Question

How do you find the first three terms of the arithmetic series ${a_1} = 17, {a_n} = 197$ and ${S_n} = 2247$?

Answer 1

First of all, mention the formulas for the ${n^{th}}$ term of A. P. and the sum of n terms of A. P. Thus, two equations with two unknown variables are there, which can be solved using substitution.

Complete step-by-step solution:
We are given that we are required to find the first three terms of the arithmetic series ${a_1} = 17,{a_n} = 197$ and ${S_n} = 2247$.
Since, we know that the formula for the ${n^{th}}$ term of an A. P. is given by the following
expression:-
$\Rightarrow {a_n} = {a_1} + (n - 1)d$, where n is the number of term and d is the common
difference.
According to the given data, we have ${a_1} = 17,{a_n} = 197$. Putting these in the above
mentioned formula, we will then obtain the following equation with us:-
$\Rightarrow 197 = 17 + (n - 1)d$
Taking 17 from addition in the right hand side to subtraction in the left hand side, we will then obtain the following equation with us:-
$\Rightarrow 180 = (n - 1)d$ ………………(1)
Since, we know that the formula for the sum of n terms of an A. P. is given by the following
expression:-
$\Rightarrow {S_n} = \dfrac{n}{2}\left[ {{a_1} + {a_n}} \right]$, where n is the number of term and d
is the common difference.
Putting the given values in the above equation, we will then obtain the following equation with us:-
$\Rightarrow 2247 = \dfrac{n}{2}\left[ {17 + 197} \right]$
Simplifying the calculations in the right hand side, we will then obtain the following equation with us:-
$\Rightarrow 2247 = 107n$
Taking 107 from multiplication in the right hand side to division in the left hand side, we will then obtain the following equation with us:-
$\Rightarrow \dfrac{{2247}}{{107}} = n$
Simplifying the calculations in the left hand side, we will then obtain the following equation with us:-
$\Rightarrow n = 21$
Putting this in equation number 1, we will then get the following:-
$\Rightarrow 180 = 20d$
Taking 20 from multiplication in the right hand side to division in the left hand side, we will then
obtain the following equation with us:-
$\Rightarrow d = 9$
Now, the second term of A. P. will be ${a_2} = {a_1} + d = 17 + 9 = 26$, third term will be ${a_3} = {a_1} + 2d = 17 + 18 = 35$.
Thus, the first three terms are 17, 26 and 35.
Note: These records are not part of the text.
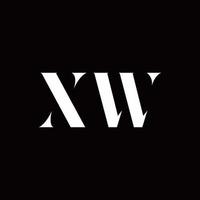 modelo de design de logotipo inicial da carta do logotipo xw vetor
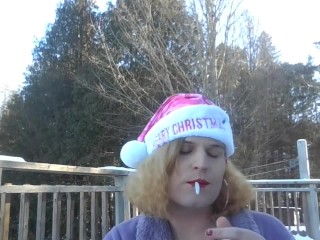 Courtney Sunshine Smoking fetish shemale for Christmas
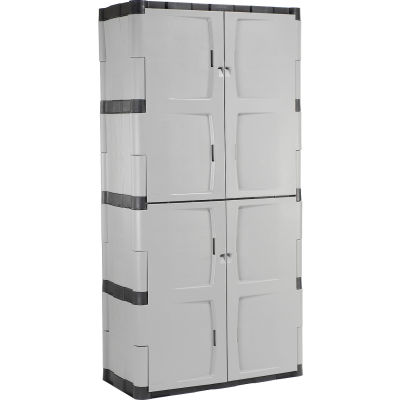 Armoire de rangement Rubbermaid 7083, plastique, porte double pleine, 36 po l x 18 po P x 72 po H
Note: The students must note that here, we had two equations with two unknown variables in it, therefore, we could solve them to find the values of both the unknown variable. If you notice carefully, we did not actually require the end process, but we had to find it, so that we could put it in the first equation to have the value of d which was actually required.